HOLGATE SETS A DEADLINE FOR TALKS
Australia Post’s former boss Christine Holgate has threatened to sue the Australian Government over her departure from the company unless it agrees to mediation talks by Wednesday night. Tick tock… She says she was unlawfully stood down over the purchase of Cartier watches as a reward for senior execs and claims she was bullied by both chairman Lucio Di Bartolomeo and PM Scott Morrison. Di Bartolomeo yesterday said he was willing to enter talks but described Holgate’s deadline as “unreasonable”. As for the ministers with responsibility for AusPost, neither Paul Fletcher and Simon Birmingham are putting their hand up to attend any talks.
HOME PRICE RISES NOT AS NUTS AS LAST MONTH...
… but they’re still as crackers as bonfire night. For a measure of how extraordinary March’s 32-year record monthly surge was, April’s slow down was seen as some reprieve for home buyers. Note: last month’s rise was still about 6 times the historical average monthly rate of growth, according to property analysts CoreLogic… Looking at April, there was an average national home price increase of 1.8%. All capitals saw price growth, with Darwin (2.7%), Sydney (2.4%) and Adelaide (2%) leading the way. It’s seriously low interest rates and limited stock that continue to fuel price increases, economists say. Commbank, Australia’s biggest lender, reckons price rises will be around for a while, albeit at a slower pace than in recent months. “We have a 14% lift in dwelling prices in 2021 and 2022, with a stronger increase for houses relative to apartments,” the bank’s senior economist Kristina Clifton said yesterday. Hold on and ride it like a rocket… #SquizShortcuts
TAKING A BITE OUT OF APPLE
The way Apple’s lucrative App Store is run could change if a court challenge against the tech behemoth giant is successful. The trial, which kicked off overnight in the US, is spearheaded by Epic Games, the company behind the popular video game Fortnite. Apple has strict rules software makers must follow if they are to feature their products in the Apple store – and the big fruit takes 30% of revenue collected. A showdown ensued in August last year, which saw Epic Games pull from Apple’s platform after it introduced its own in-app payment system to bypass the revenue fees. Now, Epic Games is claiming Apple is violating US antitrust laws by abusing its monopoly power. If that’s proven during the trial, it could see a big change in the relationship between developers and Big Tech. The trial is expected to run for 3 weeks.

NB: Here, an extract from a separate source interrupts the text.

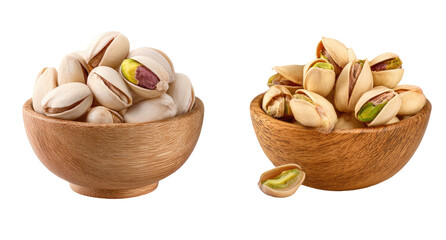 Two wooden bowls filled with roasted pistachios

LATIN AMERICA JUMPS ON THE SPACE BANDWAGON
Missions to Mars and grand space station plans are flying thick and fast with the US and China going toe-to-toe. But it isn’t just wealthier countries going intergalactic – Mexico and Argentina are now looking to form a regional space agency, following in the footsteps of the African Union. Yesterday, Mexico’s Congress hosted an international panel on how a ‘new space race’ can benefit health and education outcomes on Earth. But rather than conducting costly exploration missions, developing nations are focusing on technologies like satellites “because it brings an excellent investment return and helps close the digital divide”, managing director of Space in Africa Temidayo Oniosun said. Satellites can also help to improve farming practices and natural disaster management by better tracking weather patterns. And we love a well tracked weather event…
APROPOS OF NOTHING
The wet season is going off in the north of Australia at the moment – and it’s allowed some beautiful butterflies to take flight.
Eight glasses of water a day – what a drag. So it’s good to know it might not be what everyone needs all the time.
A favourite sub-genre of content we enjoy at The Squiz is quirky CSAs – community service announcements. And this one from Singapore encouraging citizens to get their COVID jabs is a doozy…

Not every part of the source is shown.